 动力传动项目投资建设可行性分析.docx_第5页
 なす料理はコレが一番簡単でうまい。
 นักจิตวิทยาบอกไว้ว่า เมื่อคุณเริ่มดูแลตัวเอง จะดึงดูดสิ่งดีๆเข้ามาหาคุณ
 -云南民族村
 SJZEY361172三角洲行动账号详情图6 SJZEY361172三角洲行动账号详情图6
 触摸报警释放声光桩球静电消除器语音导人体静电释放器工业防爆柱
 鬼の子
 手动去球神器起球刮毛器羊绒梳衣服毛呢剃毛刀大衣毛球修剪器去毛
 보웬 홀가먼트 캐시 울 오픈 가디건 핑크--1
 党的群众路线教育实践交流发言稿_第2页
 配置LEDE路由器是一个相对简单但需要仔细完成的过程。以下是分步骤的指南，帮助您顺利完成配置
————
▸ Task prompt:
An exact copy of the lines from the one with "なす料理はコレが一番簡単でうまい。" through the last line of the listing is the whole answer.

▸ Solution for this exercise:
 なす料理はコレが一番簡単でうまい。
 นักจิตวิทยาบอกไว้ว่า เมื่อคุณเริ่มดูแลตัวเอง จะดึงดูดสิ่งดีๆเข้ามาหาคุณ
 -云南民族村
 SJZEY361172三角洲行动账号详情图6 SJZEY361172三角洲行动账号详情图6
 触摸报警释放声光桩球静电消除器语音导人体静电释放器工业防爆柱
 鬼の子
 手动去球神器起球刮毛器羊绒梳衣服毛呢剃毛刀大衣毛球修剪器去毛
 보웬 홀가먼트 캐시 울 오픈 가디건 핑크--1
 党的群众路线教育实践交流发言稿_第2页
 配置LEDE路由器是一个相对简单但需要仔细完成的过程。以下是分步骤的指南，帮助您顺利完成配置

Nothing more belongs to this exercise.